Thankfully, as part of an investigation into the current attitudes and beliefs of women under thirty, the skincare brand Nivea developed the #Bringiton study, questioning more than 2,700 girls across the UK on subjects as diverse as education, career, technology, social media, relationships, role models and fame.
And contrary to the common portrayal of young women as selfie taking celebrity obsessives, wrestling with self-confidence and body issues, the findings offer an alternative perspective on a generation of girls comfortable in their own skin, driven by opportunity and liberated by technology.
These ‘Happenistas’ are the young women that you know. The ones that make things happen, but with their own individual style, they: blog, perform, create, nor do they let obstacles get in their way; instead they say #BringItOn.
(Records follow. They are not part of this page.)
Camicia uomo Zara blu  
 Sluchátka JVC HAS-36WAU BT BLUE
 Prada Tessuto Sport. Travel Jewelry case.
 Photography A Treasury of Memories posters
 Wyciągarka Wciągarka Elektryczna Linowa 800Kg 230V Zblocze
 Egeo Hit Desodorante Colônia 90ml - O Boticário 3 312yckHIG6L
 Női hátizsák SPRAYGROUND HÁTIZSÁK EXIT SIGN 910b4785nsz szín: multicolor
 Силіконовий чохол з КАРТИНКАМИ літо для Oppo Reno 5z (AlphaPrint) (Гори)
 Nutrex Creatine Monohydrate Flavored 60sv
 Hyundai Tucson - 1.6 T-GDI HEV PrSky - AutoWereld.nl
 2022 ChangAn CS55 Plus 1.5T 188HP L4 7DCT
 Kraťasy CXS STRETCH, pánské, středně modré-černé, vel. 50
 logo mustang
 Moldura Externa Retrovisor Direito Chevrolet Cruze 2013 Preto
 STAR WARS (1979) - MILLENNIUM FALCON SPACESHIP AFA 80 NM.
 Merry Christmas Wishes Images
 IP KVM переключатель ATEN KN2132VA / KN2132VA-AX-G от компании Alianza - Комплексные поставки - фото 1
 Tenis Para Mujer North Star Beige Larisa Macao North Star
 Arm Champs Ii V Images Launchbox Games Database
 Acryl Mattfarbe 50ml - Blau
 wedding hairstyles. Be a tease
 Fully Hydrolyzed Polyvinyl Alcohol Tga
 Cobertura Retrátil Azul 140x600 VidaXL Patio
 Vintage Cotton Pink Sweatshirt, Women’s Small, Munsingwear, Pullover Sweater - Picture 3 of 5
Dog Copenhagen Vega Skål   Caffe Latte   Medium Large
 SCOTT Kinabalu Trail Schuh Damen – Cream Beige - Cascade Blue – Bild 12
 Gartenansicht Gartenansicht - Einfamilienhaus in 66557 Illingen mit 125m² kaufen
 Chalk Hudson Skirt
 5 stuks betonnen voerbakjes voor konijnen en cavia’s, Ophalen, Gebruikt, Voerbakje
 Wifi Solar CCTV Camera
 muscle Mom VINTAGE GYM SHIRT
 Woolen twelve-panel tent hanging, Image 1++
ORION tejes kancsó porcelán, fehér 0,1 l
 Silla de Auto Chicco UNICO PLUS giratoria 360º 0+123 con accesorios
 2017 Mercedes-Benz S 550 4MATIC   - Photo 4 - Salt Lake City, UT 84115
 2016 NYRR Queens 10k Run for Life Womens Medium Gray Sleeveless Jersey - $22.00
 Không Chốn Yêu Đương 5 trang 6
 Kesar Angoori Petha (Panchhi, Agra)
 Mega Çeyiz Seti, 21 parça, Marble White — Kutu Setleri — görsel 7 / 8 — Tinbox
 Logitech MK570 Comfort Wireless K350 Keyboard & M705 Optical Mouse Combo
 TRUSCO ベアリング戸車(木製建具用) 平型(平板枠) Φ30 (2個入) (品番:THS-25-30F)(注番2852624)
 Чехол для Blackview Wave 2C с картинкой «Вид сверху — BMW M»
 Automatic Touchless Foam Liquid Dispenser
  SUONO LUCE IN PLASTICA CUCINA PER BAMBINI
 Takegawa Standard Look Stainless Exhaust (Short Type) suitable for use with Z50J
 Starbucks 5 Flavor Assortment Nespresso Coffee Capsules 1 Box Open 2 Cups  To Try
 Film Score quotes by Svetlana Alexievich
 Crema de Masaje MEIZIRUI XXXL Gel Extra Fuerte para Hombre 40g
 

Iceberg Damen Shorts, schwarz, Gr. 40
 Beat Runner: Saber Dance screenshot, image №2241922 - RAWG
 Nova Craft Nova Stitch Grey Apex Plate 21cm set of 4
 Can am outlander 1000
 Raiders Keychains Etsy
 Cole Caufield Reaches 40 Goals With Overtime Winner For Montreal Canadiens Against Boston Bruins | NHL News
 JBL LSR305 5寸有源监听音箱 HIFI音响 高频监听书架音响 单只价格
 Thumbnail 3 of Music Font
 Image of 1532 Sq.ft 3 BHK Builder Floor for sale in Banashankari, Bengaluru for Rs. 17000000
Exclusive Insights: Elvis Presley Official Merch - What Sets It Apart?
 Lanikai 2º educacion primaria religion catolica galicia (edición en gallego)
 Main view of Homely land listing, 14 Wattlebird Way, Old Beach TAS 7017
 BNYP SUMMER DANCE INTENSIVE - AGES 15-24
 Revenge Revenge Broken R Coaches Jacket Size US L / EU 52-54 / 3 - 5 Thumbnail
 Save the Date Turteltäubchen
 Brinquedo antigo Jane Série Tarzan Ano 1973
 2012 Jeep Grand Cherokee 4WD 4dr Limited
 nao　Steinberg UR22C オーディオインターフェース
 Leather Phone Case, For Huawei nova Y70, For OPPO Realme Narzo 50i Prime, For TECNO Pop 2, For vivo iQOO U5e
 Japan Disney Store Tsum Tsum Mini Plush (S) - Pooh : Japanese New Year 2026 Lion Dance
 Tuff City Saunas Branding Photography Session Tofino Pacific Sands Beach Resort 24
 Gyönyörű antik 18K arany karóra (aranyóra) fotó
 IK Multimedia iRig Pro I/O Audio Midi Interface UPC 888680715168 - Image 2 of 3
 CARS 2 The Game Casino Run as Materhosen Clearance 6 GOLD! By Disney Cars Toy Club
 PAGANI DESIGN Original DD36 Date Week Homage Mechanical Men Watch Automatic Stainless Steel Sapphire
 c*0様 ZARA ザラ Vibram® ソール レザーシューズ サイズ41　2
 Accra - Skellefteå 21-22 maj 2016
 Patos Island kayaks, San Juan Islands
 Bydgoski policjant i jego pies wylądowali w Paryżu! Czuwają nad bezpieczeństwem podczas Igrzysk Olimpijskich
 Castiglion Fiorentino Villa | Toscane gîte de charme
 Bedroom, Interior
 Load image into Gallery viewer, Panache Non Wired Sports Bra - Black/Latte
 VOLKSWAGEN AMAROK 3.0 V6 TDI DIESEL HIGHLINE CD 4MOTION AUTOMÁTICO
Here are some insights from the study:
Confidence on the Up
More than half (56%) of those questioned believe that ‘women now are more confident than ever before’ with 55% calling for girls to stop worrying about ‘not being perfect’. 88% agree they have more opportunities that their mums’ generation and 63% want to be their own boss. 46% claim being female makes no difference to their career prospects.
Education is no guarantee
Unlike previous generations, the value placed on qualifications is questioned by today’s young women. 87% say ‘education is no guarantee of success’, with 69% agreeing you can ‘learn more on the shop floor than in the classroom’. Almost a third (29%) think the traditional career ladder and ‘working through the ranks’ is out of date, while 63% believe professional success ‘can come at any age’.
Technology is powering change
Not surprisingly technology is fuelling female ambition, with 87% using social media to ‘get my ideas out there’. Three out of four (76%) believe technology can speed career success, while 85% agree the internet is creating a new generation of female digital role models. Even the ubiquitous selfie might be on the wane, with 76% declaring them ‘over’, preferring instead to point their camera outwards.
Technology is powering the ‘career lift’, rather than the rigid career ladder of the past. Beauty bloggers review make up ranges, and go on to design their own. This contraction of ‘career time served’ is of huge appeal to a generation brought up with the immediacy of a digital world, with bloggers and vloggers now just as likely to inspire young women as ‘traditional’ professionals.
So what are your thoughts? Have you noticed the trend. Tell me about the Happenistas that you know, maybe you are one!